Carlos Delfino joined the 2012-2013 Houston Rockets as the quintessential Morey acquisition. Daryl Morey, general manager and analytics hero, loves to find overlooked bargain, mis-estimated players, and market inequalities. Morey saw Delfino, appraised his worth, then signed him to team-friendly contract. How did that work out? Delfino was a useful player for the Rockets, was worth his contract, and is likely to be let go for the long-term good of the team. Just as expected.
We can start at the ending this season, with Carlos Delfino’s season coming to a close after a stunning dunk over Kevin Durant which aggravated Delfino’s already-injured foot. He was playing on a foot that he knew was injured, and then had to stop when it turned out to be broken. His entire season was marked by attempts to play beyond his capability for a team that just needed him to play within himself. It’s impressive that he was so full of determination and passion for the Rockets, but sometimes good enough really is good enough.

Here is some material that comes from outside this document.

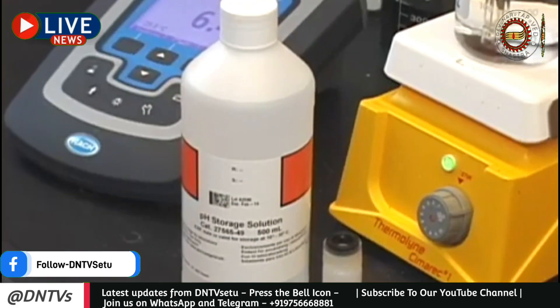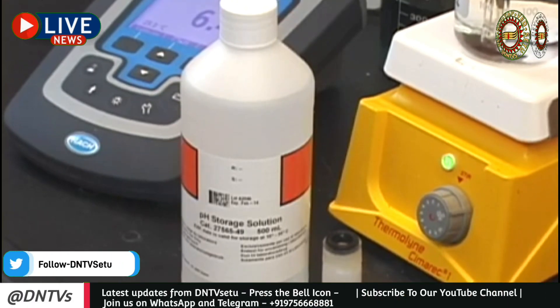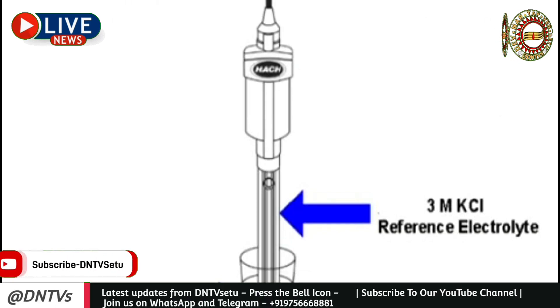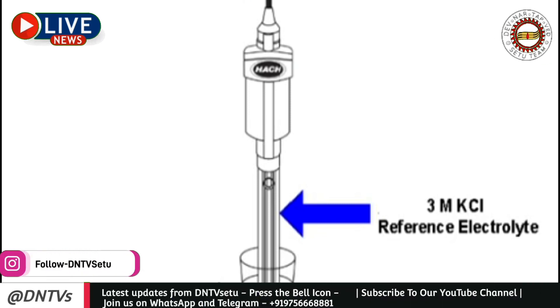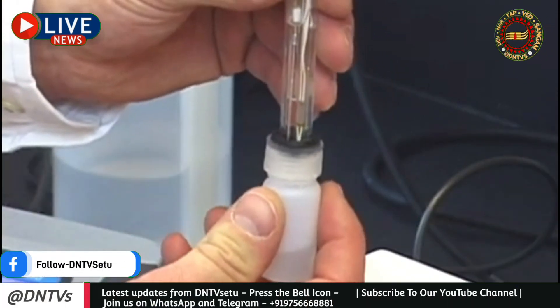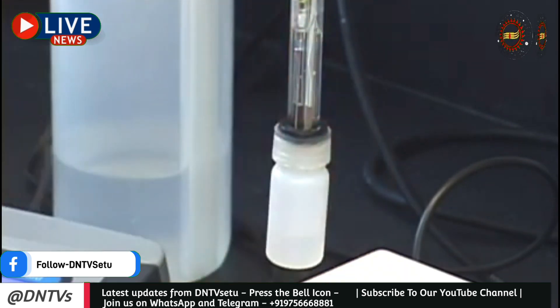Now that we have calibrated and taken a reading, let's talk about how to store your electrode. Proper storage extends the life of your electrode and ensures it's ready to provide quick and accurate readings in the future. Storage solutions do a couple of things to improve the effective life of your electrode: the solution is similar to what is inside the electrode, which helps prevent contamination of the internal filling solution — especially important with non-refillable electrodes where we cannot replace the filling solution. It also ensures your electrode is hydrated and immediately ready for use. Never use anything low in ionic strength, like deionized water, as it will change the internal filling solution concentration and shorten the life of your electrode.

Good enough is exactly what Delfino’s stats say: 15.1 points, 4.7 rebounds, 2.9 assists, 1.5 turnovers and 1.4 steals per 36 minutes to go with 40.5% shooting from the field and 37.5% shooting from downtown. As a three point specialist, he launched nearly 70% of his attempts from behind the arc, which is exactly what the Rockets wanted to see. His 40.5% overall is poor, but 37.5% from deep is a solid mark for a marksman on his contract. He added a few peripherals, but nothing notable given his decent height (6’6”) and minutes played at the power forward position. He gave a solid performance for his pay grade.
That pay grade came at a very palatable $3 million per year for two years, with no money guaranteed on the second year. This contract allowed Houston to sign a veteran presence and decent contributor at cut-rate prices without even risking any cap space in the second year. His expiring contract could have proved useful trade fodder if a deal had presented itself, but as it is, he did the job he needed to in the time he was needed. With Dwight Howard rumors abounding, it should surprise no one if (and when) Houston announces that they won’t pick up his contract. The Rockets need cap space; that’s why they signed him to that contract.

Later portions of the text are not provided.